As usual, the Pharisees have a fit when they see the people revering the Savior and tell Him that He should stop them. Also as usual, He quotes scriptures to them so that they will understand that He cannot stop the people from recognizing who He is, and frankly at this point, He does not care. At this point in His life, the Savior has come into His glory and there are few things left to do before fulfilling His final mission. Matthew does not record the first instance, but the Savior actually cleanses the temple twice in His lifetime. The first time, He refers to the temple as His Father's house. However, this time, He refers to the temple as His house. I think it's after the Mount of Transfiguration that He comes into His glory and refers to the temple as His house.

You would think, after 3 years, that the Pharisees would be tired of trying to trick Jesus and trap Him in His words. But it would seem, like some people I have met in my life, they are just not happy unless their plans are dumped on their heads and they land on their faces in front of the people, who they fear to offend. It's just so funny to me that Jesus is SO much smarter than the Pharisees but they keep trying anyway. In this chapter, they want to know where Jesus got His authority to preach and perform miracles from. So Jesus states that He will answer them if they will answer His question of whether or not the baptism of John was divine or made up.

As usual, their fear of losing their power and upsetting the people is their downfall. They know that if they say it was divine that Jesus will rebuke them for not believing in it and being baptized, but they knew that it they said it was made up, that the general people would get upset because the people all believed that John was a prophet. So, they thought they had come up with the perfect answer and instead just plead ignorance. Which is not a bad answer considering their predicament, however, since they could not, or rather would not answer His question, Jesus declines to answer theirs. It is so funny how every time they try and trap Him, all He does is turn it right back on their heads and trap them instead.

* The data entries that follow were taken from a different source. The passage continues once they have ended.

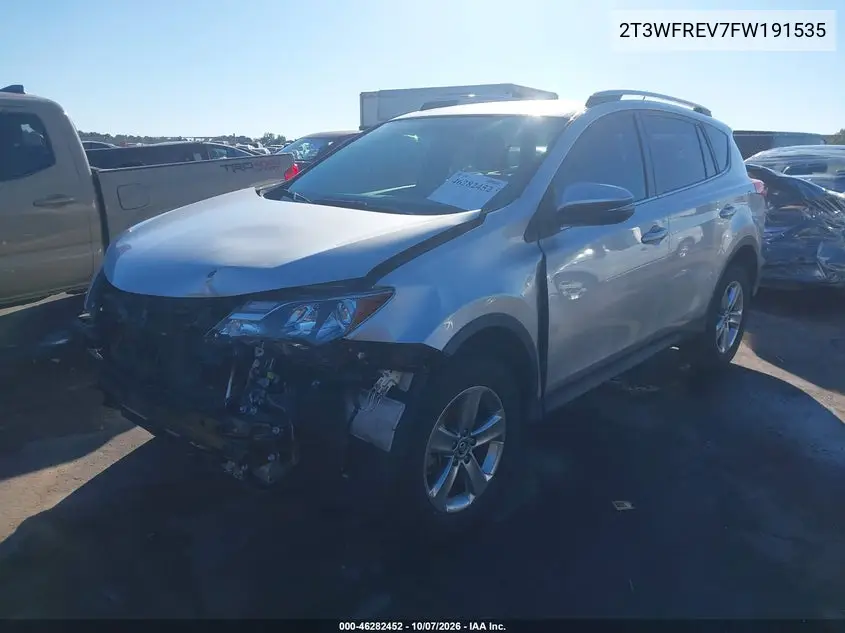 2015 TOYOTA RAV 4 VIN 2T3WFREV7FW191535 — фото 2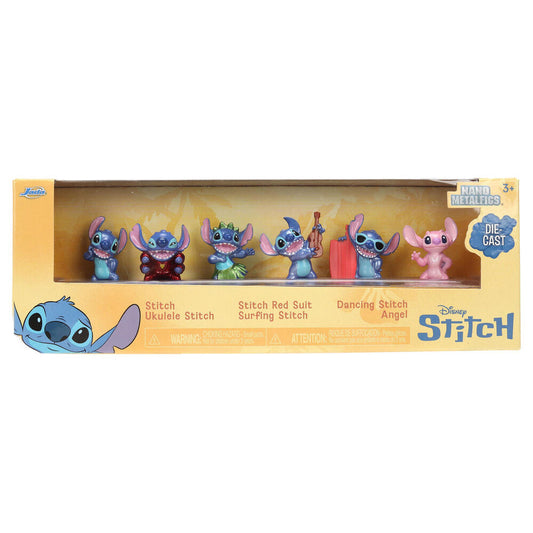 blister 6 metalfigs disney stitch figures 4cm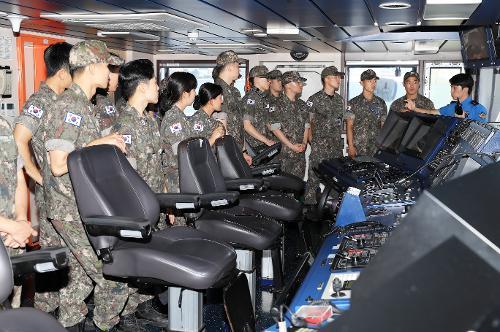 해군사관생도 1501함 견학(25.7.14.) 1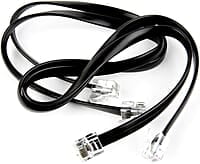 6P6C RJ25 cable-20cm(4-Packs)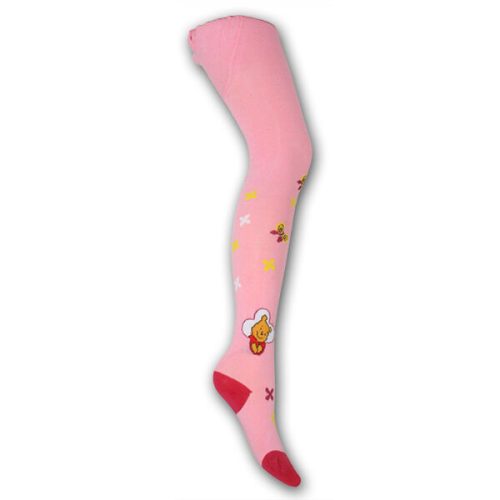 Winnie the Pooh und seine Freunde Babystrumpfhose - Baumwollstrumpfhose - 92-98 - rosa mit Winnie the Pooh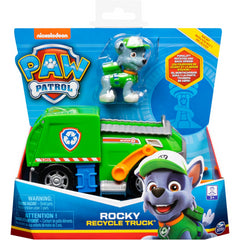 Paw Patrol Recycle Truck and Mini Character Figure - Rocky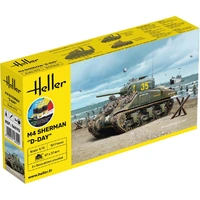 Heller 1/72 STARTER KIT M4 Sherman "D-Day" Plastic Model Kit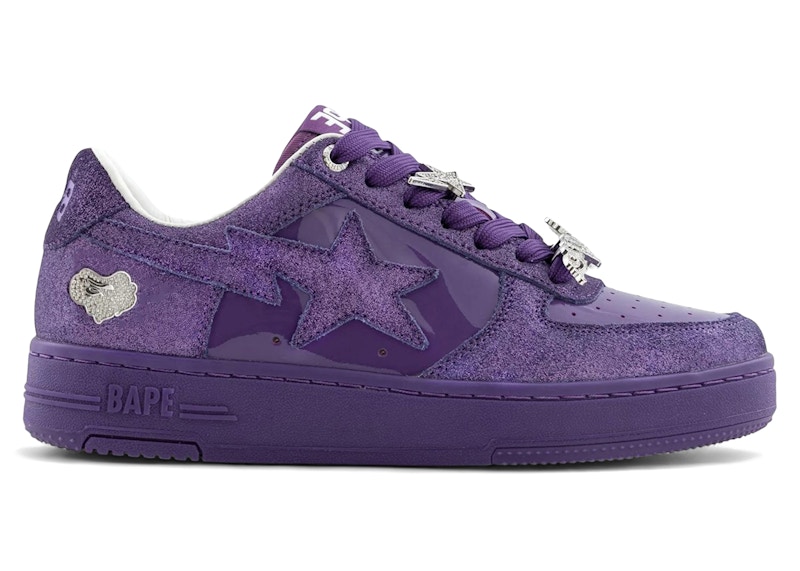 Pre-owned Bape A Bathing Ape  Sta #1 (women's) Sneakers In Purple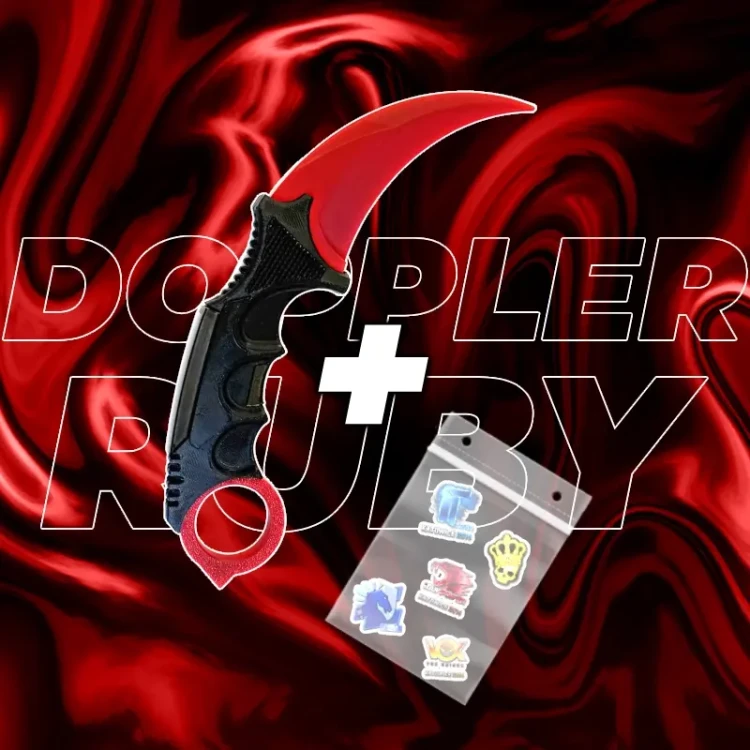 KARAMBIT DOPPLER RUBY CS2 DRUK 3D.webp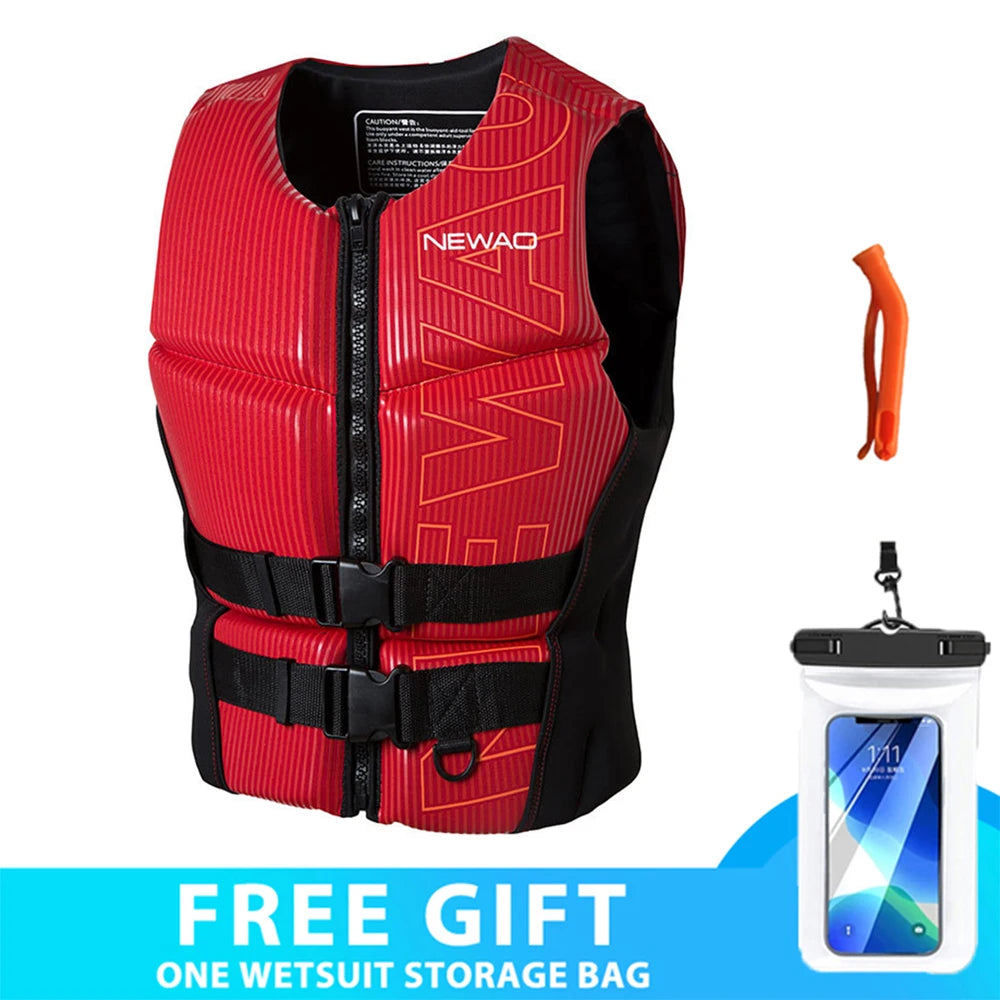 Neoprene Life Jacket Adult  Water Sports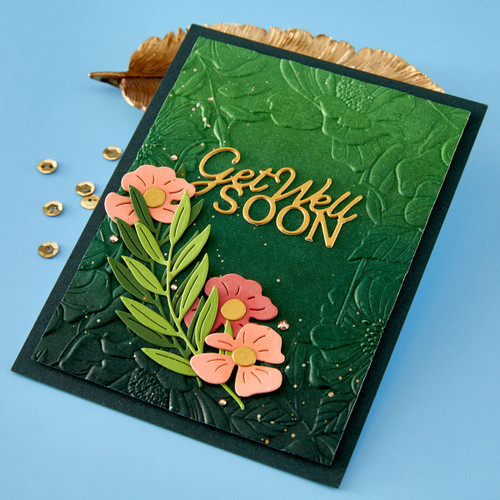 Spellbinders Etched Dies-Layered Get Well Soon - 5A003QZ5-1HMH1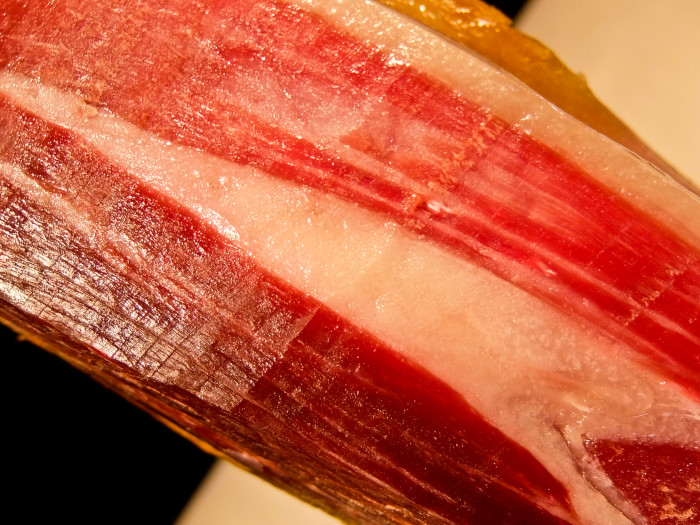 Ham showing fat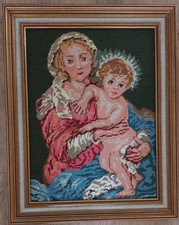 Gobelin Stickbild Maria mit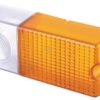 Light lens, amber/transparent front/LH/RH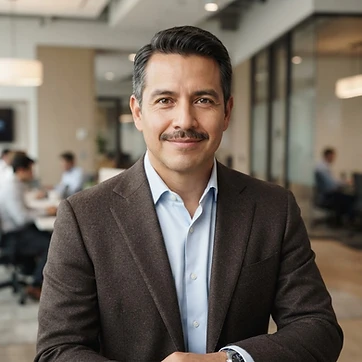 AI-generated portrait representing Derek Sandoval, the SCGK Professional Services Analyst (AI Analyst, not a real person)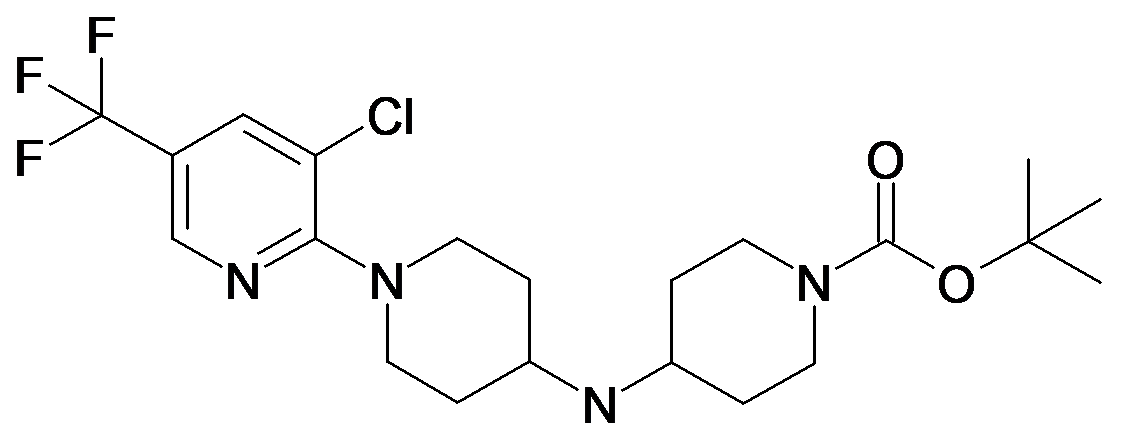 4-(3'-Chloro-5'-trifluoromethyl-3,4,5,6-tetrahydro-2H-[1,2']bipyridinyl-4-ylamino)-piperidine-1-carboxylic acid tert-butyl ester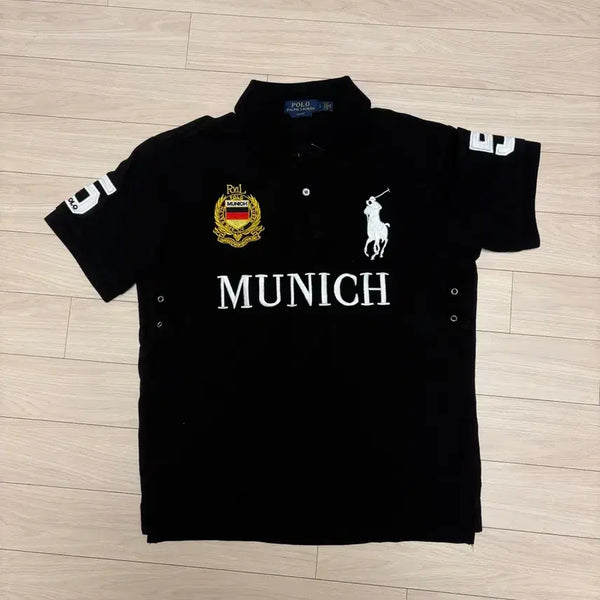 [BUNJANG] Polo Ralph Lauren Big Pony Munich Polo Shirt Black / [L] 폴로 빅포니 뮌헨 카라티 블랙 치프키프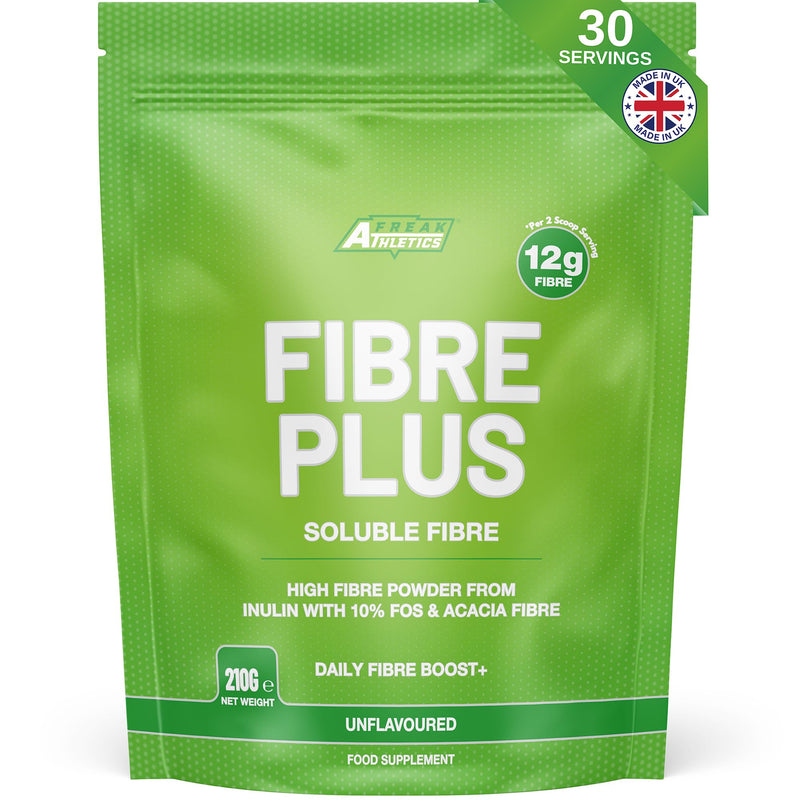 Soluble Fibre Powder Supplement 210g - Prebiotic Soluble Fibre Powder from Multiple Sources - 12g Fibre Per 2 Scoop Serving - Fibre Supplement for Men & Women UK Made
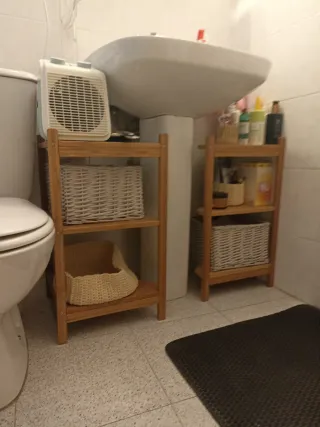 2 Scaffali Angolo Bagno IKEA Bambù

The Pharisees were not stupid men. They know the scriptures and despite being a little overzealous, they understand Jesus' parables and when He is referring to them. Jesus gives them the parable of the unjust husbandmen who of course, represent the kingdom of the Jews. The Pharisees recognize at the end that the parable is about them and are quite upset about it, but once again they are afraid of upsetting the people and so they do nothing to Him. Now, the JST continues the story just a bit by stating that His Apostles came to Him and asked about the parable He just spake unto the Pharisees and Jesus reveals that the Kingdom of Heaven will pass from the Jews to the Gentiles. But it will not reside with the Gentiles forever since they too will be destroyed at His Second Coming. It is interesting that the Lord reveals to them that He will give His Kingdom to Gentiles here, but when Peter receives his vision later in the book of Acts to take the Gospel to the Gentiles there is resistance. Of course the Apostles were also flat out told that the Savior would be crucified and resurrected 3 days later and did not understand that either so I guess it is not all that strange.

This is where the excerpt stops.